MINNEAPOLIS – First Lady Michelle Obama singled out the University of Minnesota for praise Thursday morning during a White House meeting. The remarks came during her presentation at the College Opportunity Summit.
The White House gathering of University Presidents and business leaders was aimed at underlining the need to boost college attendance and graduations by low income Americans. President Obama told the members of the summit "only 30% of low income students enroll in college right after high school and, by their mid 20's, only 9% earn a bachelor's degree."
University of Minnesota President Eric Kahler attended the meeting and heard Mrs. Obama praise his school's four new programs to attract and retain low income students.
"Every school offers financial aid services, but listen to what the University of Minnesota is doing," Mrs. Obama said. "They are committing to expand those services to include financial literacy programs to help students and their families manage the costs of college."
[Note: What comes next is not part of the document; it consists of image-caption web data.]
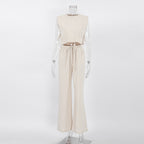Sleeveless Blouse And Trousers Two-piece Casual Fashion Cotton Hemp Suit Women's Wear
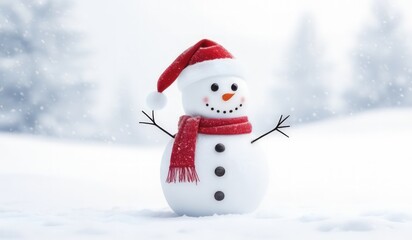 snowman with red hat and red scarf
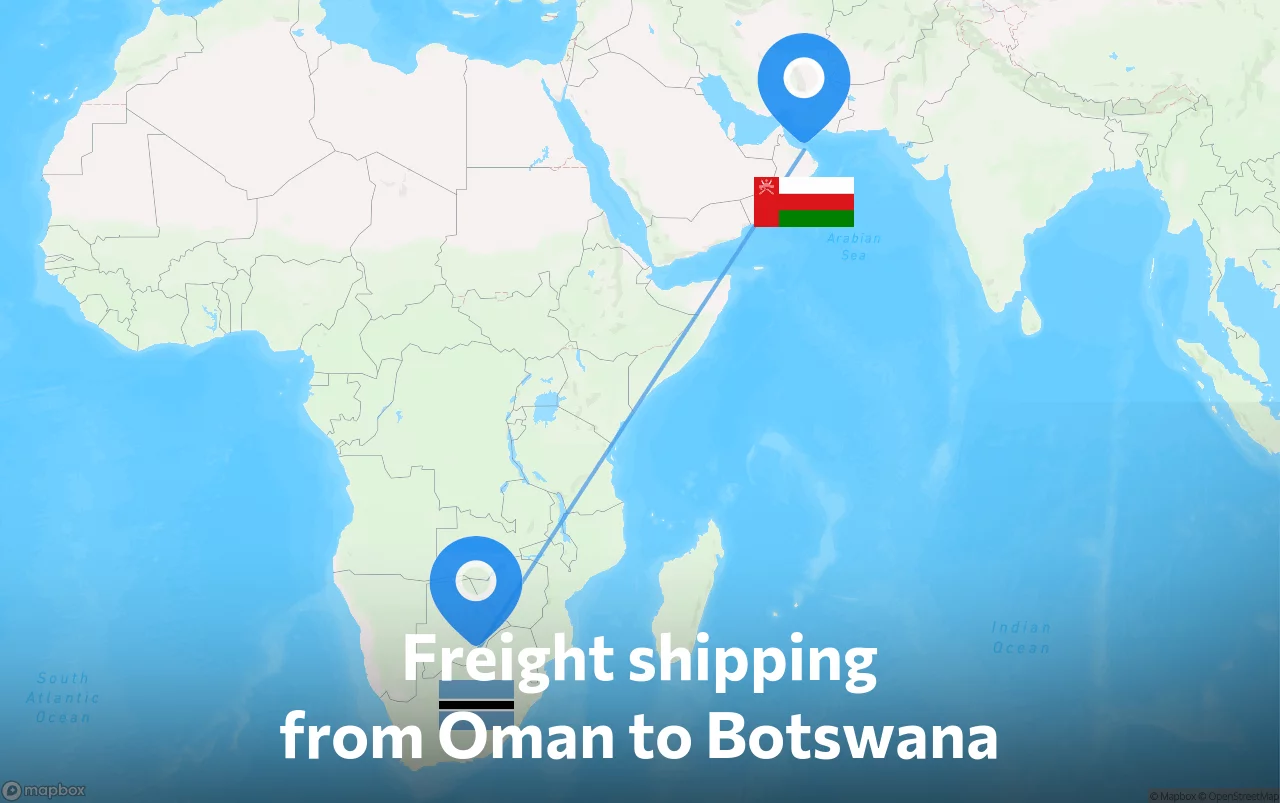 Shipping route from Oman to Botswana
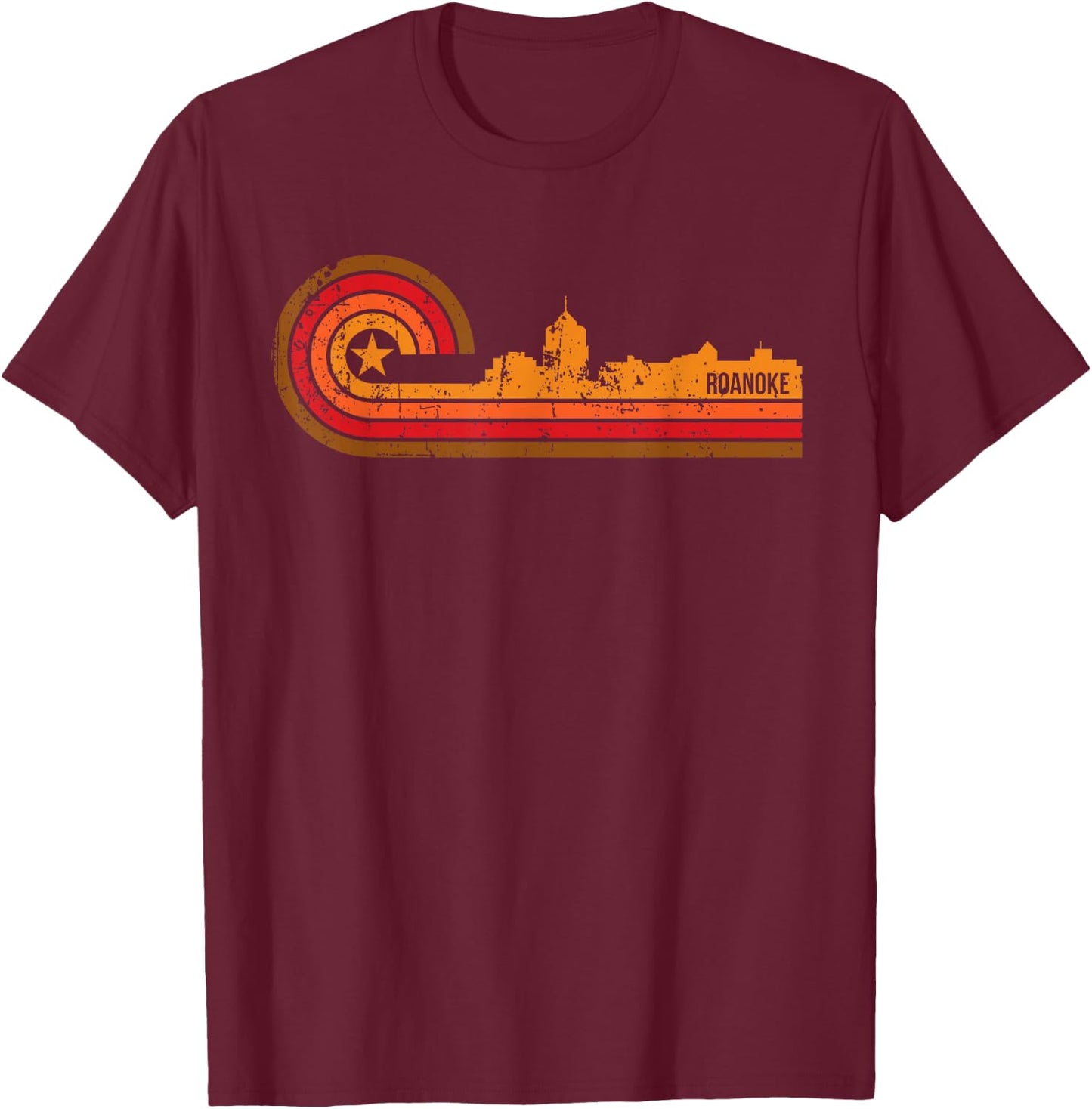 Retro Roanoke - Roanoke VA Skyline Shirt T-Shirt - T-Shirt | Maroon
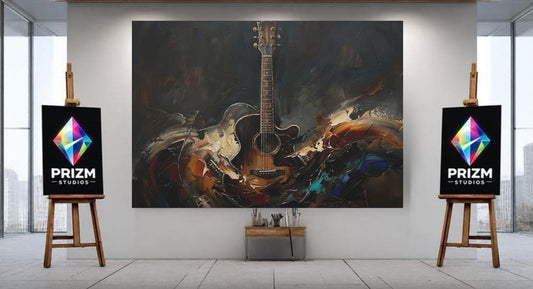 Acoustic Guitar Canvas Wall Art, Dark Moody Abstract Music Print for Home Studio or Man Cave — Poster wall art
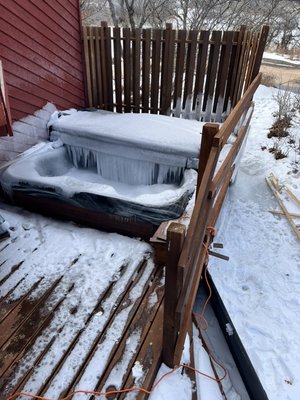 Frozen spa rescue 2024 - This new Bullfrog spa was completely frozen solid after wind blew the cover open allowing the 104° water to rapidly evaporate in the sub zero temperatures and start the pumps causing the heater to be completely unable to heat the water. We responded after hours to help save this spa and evaluate the damage. After a few visits we were able to completely thaw and repair this spa and repair all the freeze damage. We also helped install a cover latch system to hold the cover in place to prevent future problems. Frozen spa rescue 2024 - This new Bullfrog spa was completely frozen solid after wind blew the cover open allowing the 104° water to rapidly evaporate in the sub zero temperatures and start the pumps causing the heater to be completely unable to heat the water. We responded after hours to help save this spa and evaluate the damage. After a few visits we were able to completely thaw and repair this spa and repair all the freeze damage. We also helped install a cover latch system to hold the cover in place to prevent future problems.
Bob McMaster, U of M Vice Provost and Dean of Undergraduate Education, said a lot of school's effort involves understanding that low income students are often the first generation of their family to attend college.
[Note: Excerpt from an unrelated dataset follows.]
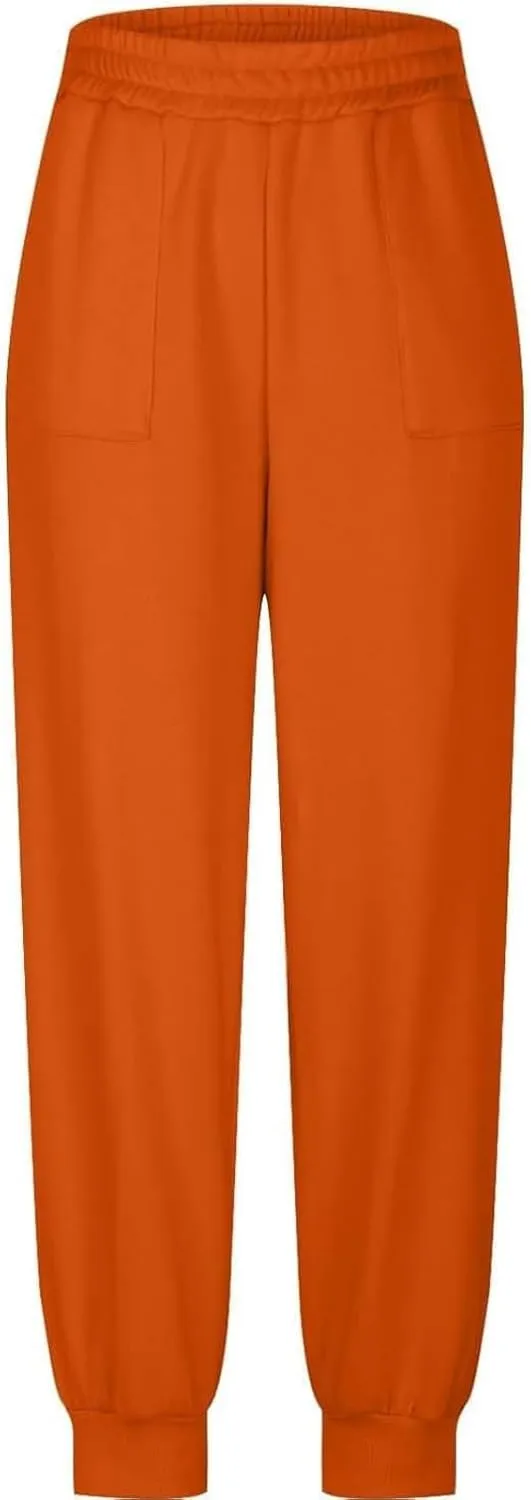 Baggy Fleece Joggers for Women Cozy Soft High Waisted Sweatpants with Pockets Elastic Waist Athletic Pants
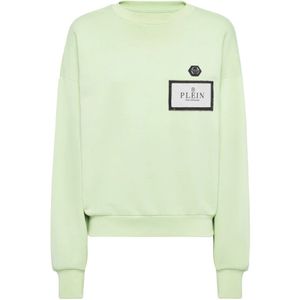 Philipp Plein, Dames, Sweatshirts & Hoodies, Groen, Maat: S Katoen,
"Often, first generation students do not have the same kind of family support because their parents have not gone to college and know about how to register, how to manage money for college and some of the complications in going to college," said McMaster. "It makes a big difference if some of your family members have gone to college."
McMaster said the U of M has coupled four programs to assist low income students, including the financial literacy element. There is also a President's Emerging Scholars Program, requiring income students to attend a summer "bridge" program to ease them into the college experience.
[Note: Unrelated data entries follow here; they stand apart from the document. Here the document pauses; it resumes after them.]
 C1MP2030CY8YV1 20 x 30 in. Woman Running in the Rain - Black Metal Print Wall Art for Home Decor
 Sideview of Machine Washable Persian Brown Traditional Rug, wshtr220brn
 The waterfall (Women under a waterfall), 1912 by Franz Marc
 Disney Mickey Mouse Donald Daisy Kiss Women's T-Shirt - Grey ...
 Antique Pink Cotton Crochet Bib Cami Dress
The $300,000 program is to continue for 3 years. The U of M welcomes about 1100 Pell Grant students each year. McMaster said the financial aid at the University is strong.
"If you put together the Pell grants that come from the federal government that max out at about $5,700, the state grant that maxes out at about $3,500 and our U of M Promise that maxes out at about $4,000, that really covers tuition and fees for very low income kids, kids that have zero expected family contributions."